|Sidewalk art in Ajijic, MX|
All of us are standing in front of a fire hydrant that gushes information, distractions and choices at us with a force that is simply overwhelming.
How do we create anything … art, music, writing, work, healthy children, a life ... when we might create something even better if we had that last piece of information, that last opinion, that last bit of inspiration?
Sebastian Michaels in his 21 Days to Creative Abundance program, states flatly we have to find ways to take breaks from the flood of distractions if we want to find our Muse, create our art. He offers this quote from Leo Babauta, author Zen Habits
"If you can't do and read and respond to everything (and you can't), you must chose what you'll do and read and respond to, and let the rest go. Let the rest go. This is unbelievably important. You have to accept this and be OK with it."
With Sebastian's and Babauta's thoughts in mind, I took my journal and went to the coffee shop in the Plaza where I indulged in a chai frappachino and the flow of my own thoughts. I mindmapped an article about disentangling love and fear, continued to look for found objects for the next Photoshop Artistry challenge, and eavesdropped on the conversation of an artist visiting, apparently from New York.
In less than an hour, I was refreshed, recharged and had pages of notes for more writing and art. I don’t think I would have been as productive as I was had I stayed glued to my computer focusing on the projects at hand. I know that some of the thoughts that came needed the space and openness of sitting with my journal in front of me and not being distracted by email/facebook/the refrigerator. I may make a noon break a regular habit. It tends to be a time when my energy needs a boost anyway.
The found art challenge was an interesting one: take a walk and take four photos of things you find that could make an interesting abstract. Add two textures, two edges and at least 8 adjustment layers.
Among the images I found is the one above, an example of the sidewalk art I find in so many places here. I’ve gotten accustomed to wall art, but the sidewalk art is new to me. So I chose this image to be the base of the challenge.
After a lot of work, I came up with the image below, probably because I love Dorie from “Finding Nemo,” and the way I feel right now about continuing to move forward without Missy.

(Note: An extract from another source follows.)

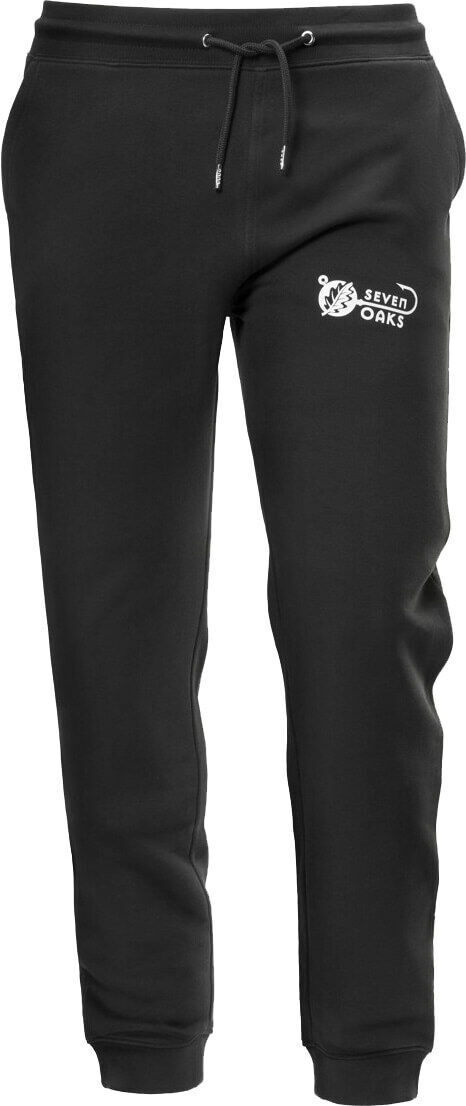 Schwarze Jogginghose mit elastischem Bund und Kordelzug, Seven Oaks Logo auf dem Bein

I put the finishing touches on the piece and decided it was time for bed.
|Just Keep Swimming|
But, sleep didn’t come. Those straight lines haunted me. I hate straight lines. But how to get rid of them? Maybe the whole piece was a bad idea? Maybe a different base image? This was supposed to be an abstract and it didn’t feel very abstract. It felt like a cartoon.
Finally, I got up and decided to try a technique for changing the straight lines. If that didn’t work, I was going to toss the whole idea and start over. Two hours later, this was the next version.
|Just Keep Swimming #2|
It won't make my gallery of favorites, but I definitely like it better and REALLY like the fact that I managed to get to a better place using techniques that I’m learning.
More about the quote:
From Wikipedia: Zen Habits is a blog written by Leo Babauta about implementing zen habits in daily life. It offers suggestions for how to live, and also includes frequent references to how Leo Babauta has implemented these habits. He covers topics such as simplifying, living frugally, parenting, happiness, motivation, eliminating debt, saving, eating healthily and successfully implementing good habits.